Reputation: 7124
I'm trying to get a long JSON response (~75 Mbytes) from a webpage, However I can only receive the first 25 Mbytes or so.
I've used urllib2 and python-requests but neither work. I've tried reading parts in separately and streaming the data, but this doesn't work either.

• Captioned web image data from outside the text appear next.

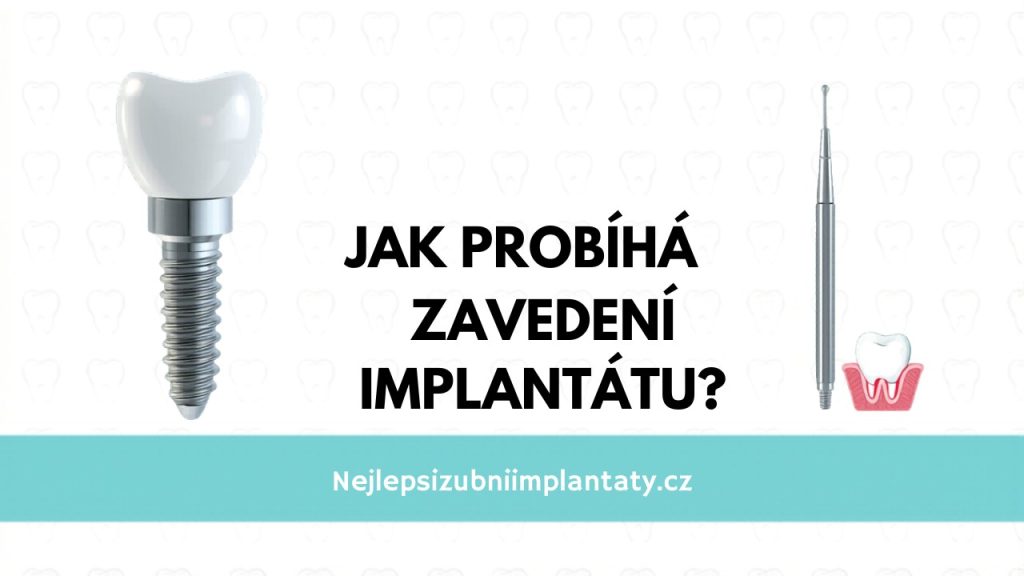 Jak probiha zavedeni implantatu
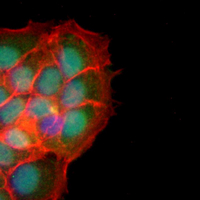 3 - Recombinant Anti-TCL-1A Rabbit mAb AP95309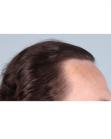 After Hair Transplant&nbsp;Temporal Hairline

An example of the data can be found here:
http://waterservices.usgs.gov/nwis/iv/?site=14377100&format=json¶meterCd=00060&period=P260W
My code is as follows:
r = requests.get("http://waterservices.usgs.gov/nwis/iv/?site=14377100&format=json¶meterCd=00060&period=P260W")
usgs_data = r.json() # script breaks here
# Save Longitude and Latitude of river
latitude = usgs_data["value"]["timeSeries"][0]["sourceInfo"]["geoLocation"]["geogLocation"]["latitude"]
longitude = usgs_data["value"]["timeSeries"][0]["sourceInfo"]["geoLocation"]["geogLocation"]["longitude"]
# dictionary of all past river flows in cubic feet per second
river_history = usgs_data['value']['timeSeries'][0]['values'][0]['value']
It breaks with:
ValueError: Expecting object: line 1 column 13466329 (char 13466328)
When the script tries to decode the JSON (i.e. usgs_data = r.json()
).
This is because the full data hasn't been received and is therefore not a valid JSON object.
Upvotes: 1
Views: 1603
Reputation: 87064
The problem seems to be that the server won't serve more than 13MB of data at a time.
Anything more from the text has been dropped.